◆ **What you need to do**
When you reach the line containing "Photo of 401-403", repeat that line and each one after it exactly until the records end, leaving out pictures.

◆ **Extracted material**

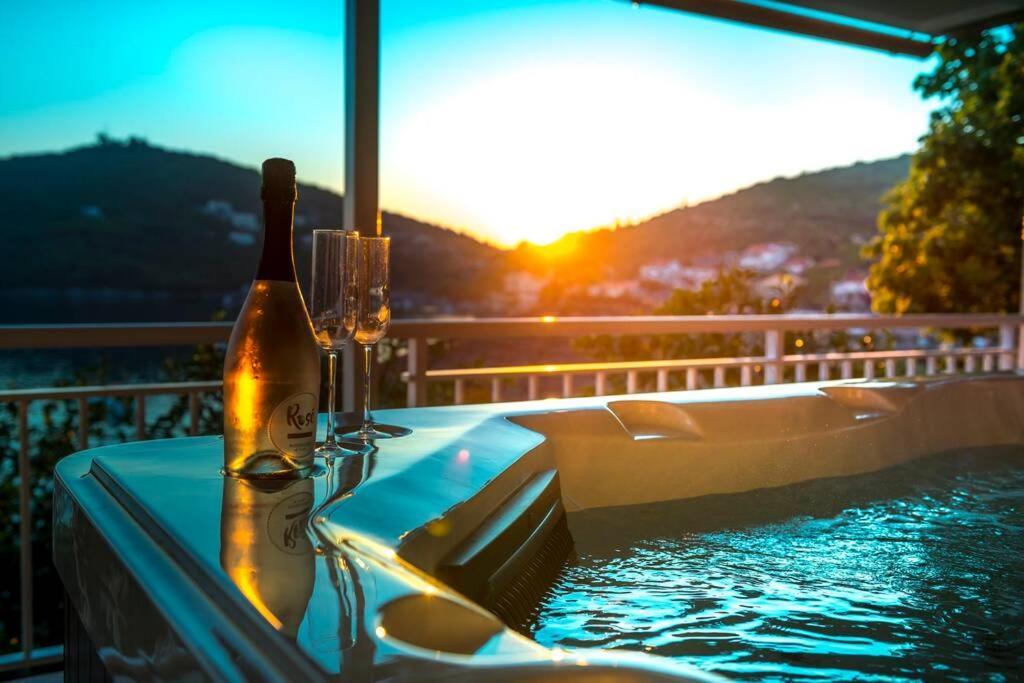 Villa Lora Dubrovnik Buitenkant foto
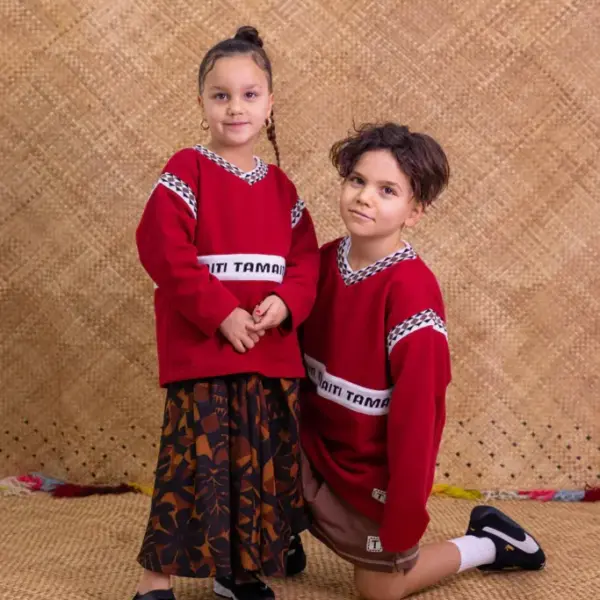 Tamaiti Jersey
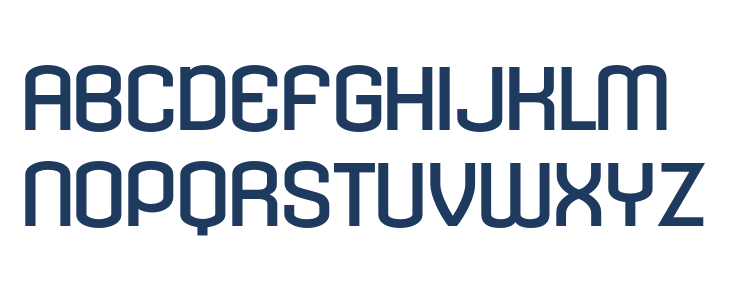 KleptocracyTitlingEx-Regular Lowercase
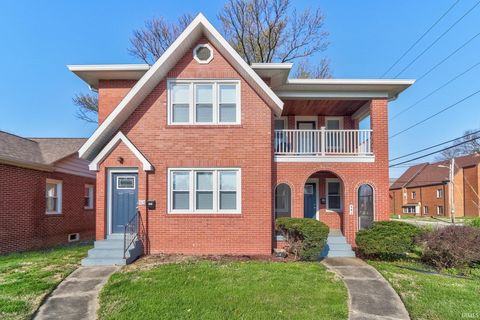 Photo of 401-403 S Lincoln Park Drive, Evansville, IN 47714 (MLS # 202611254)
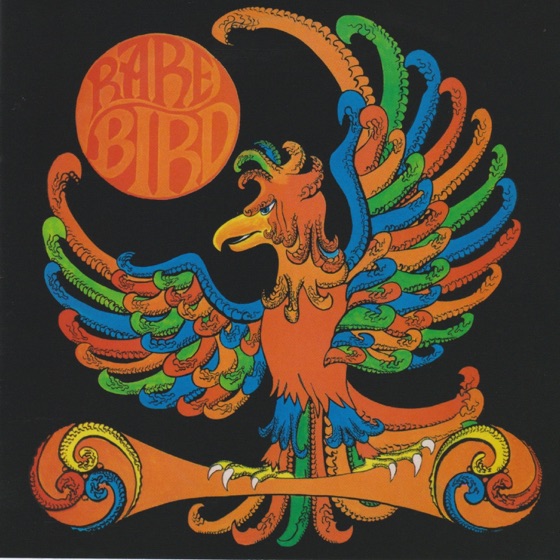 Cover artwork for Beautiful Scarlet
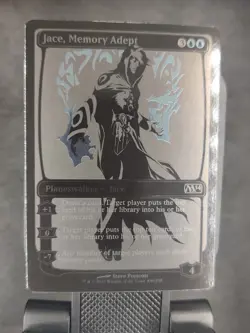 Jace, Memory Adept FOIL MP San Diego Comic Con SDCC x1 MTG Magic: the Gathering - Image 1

◆ **Task result**
 Photo of 401-403 S Lincoln Park Drive, Evansville, IN 47714 (MLS # 202611254)
 Cover artwork for Beautiful Scarlet
 Jace, Memory Adept FOIL MP San Diego Comic Con SDCC x1 MTG Magic: the Gathering - Image 1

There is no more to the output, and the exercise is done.